The JV targets automakers and their key partners, fleet operators, and shared mobility operators. These players can already deploy webOS Auto to large-scale series production systems, including:
- Digital Cockpit systems
- Rear Seat Entertainment (RSE) for traditional needs
- Rear Seat Entertainment (RSE) with ride-hailing mode
- Cabin and center stack display for ride-hailing systems
New JV Heat up Race to win Automobile OS Battle
The JV demonstrates both Luxoft and LG’s long-term commitment to support the webOS ecosystem. This will oblige Luxoft rivals, such as ITONICS, Axious Systems, and EPAM Systems, to elevate their alliance work with major consumer brands like LG as well as consider joining the webOS Auto initiative in order to boost their ecosystem influence throughout the connected car segment.
The JV will need to expand its webOS partnerships to demonstrate its capacity to fuel webOS support throughout the ecosystem. For example, The Qt Company, is already part of the webOS coalition.
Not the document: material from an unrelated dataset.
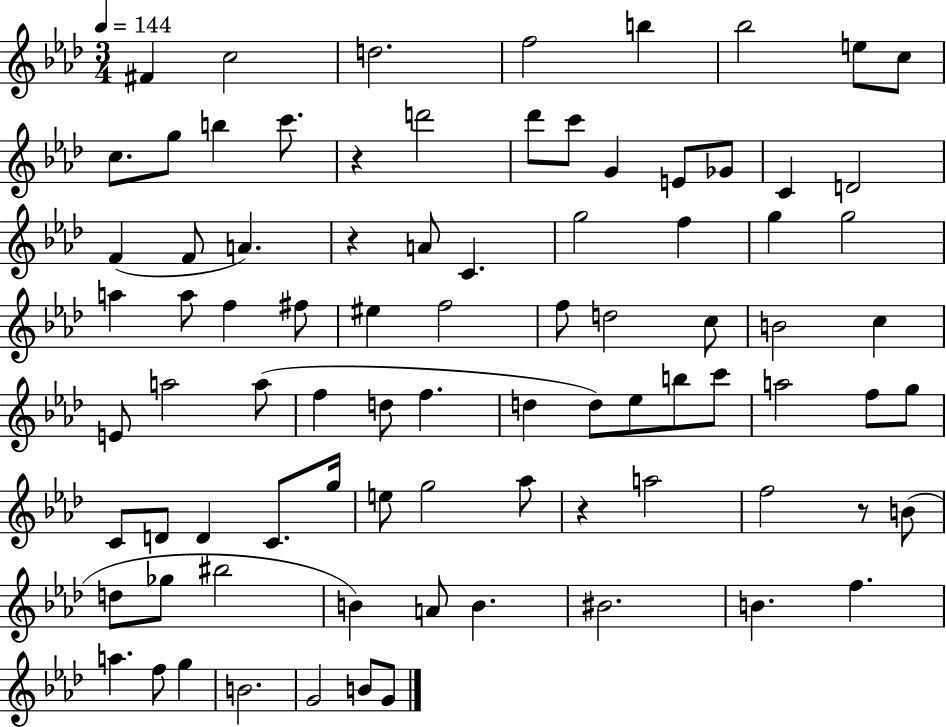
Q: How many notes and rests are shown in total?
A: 85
Moreover, WebOS Auto is based on Qualcomm’s Automotive Development Platform (ADP) and supports iHeartRadio, Mapbox, and Cerence. Microsoft is demonstrating audio, video and navigation services combining webOS Auto and the Microsoft Connected Vehicle Platform (MCVP).
Alliance expansion is vital as the Web OS competes against incumbents Apple CarPlay and Android Auto. This will also become critical in countering LG’s arch-rival Samsung’s ongoing efforts to push its Tizen OS – used throughout company’s portfolio of consumer products, such as cameras, smart home appliances, and wearables – into the automobile segment.
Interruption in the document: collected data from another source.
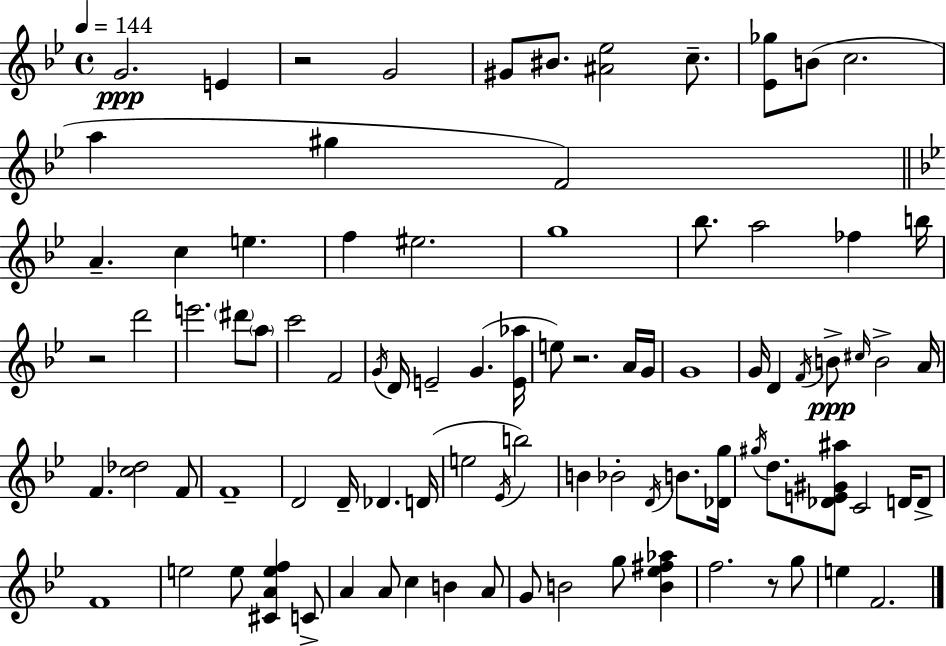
X:1
T:Untitled
M:4/4
L:1/4
K:Gm
G2 E z2 G2 ^G/2 ^B/2 [^A_e]2 c/2 [_E_g]/2 B/2 c2 a ^g F2 A c e f ^e2 g4 _b/2 a2 _f b/4 z2 d'2 e'2 ^d'/2 a/2 c'2 F2 G/4 D/4 E2 G [E_a]/4 e/2 z2 A/4 G/4 G4 G/4 D F/4 B/2 ^c/4 B2 A/4 F [c_d]2 F/2 F4 D2 D/4 _D D/4 e2 _E/4 b2 B _B2 D/4 B/2 [_Dg]/4 ^g/4 d/2 [_DE^G^a]/2 C2 D/4 D/2 F4 e2 e/2 [^CAef] C/2 A A/2 c B A/2 G/2 B2 g/2 [B_e^f_a] f2 z/2 g/2 e F2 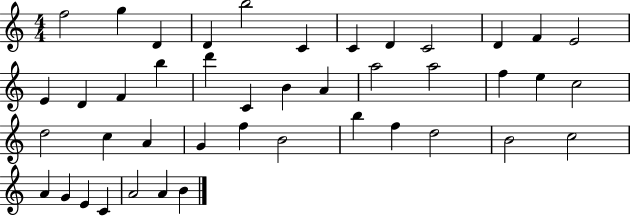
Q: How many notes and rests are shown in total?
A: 43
Overall this year’s CES showcased that the connected car segment is set to deliver consumers new capabilities in areas like RSE and ride-hailing. Cross-OS competition in the auto market, while risking some software development fragmentation and delay, is good news for consumers as it ensures the advancement of in-automobile experience innovations. The Luxoft-LG JV is solid proof of that trend.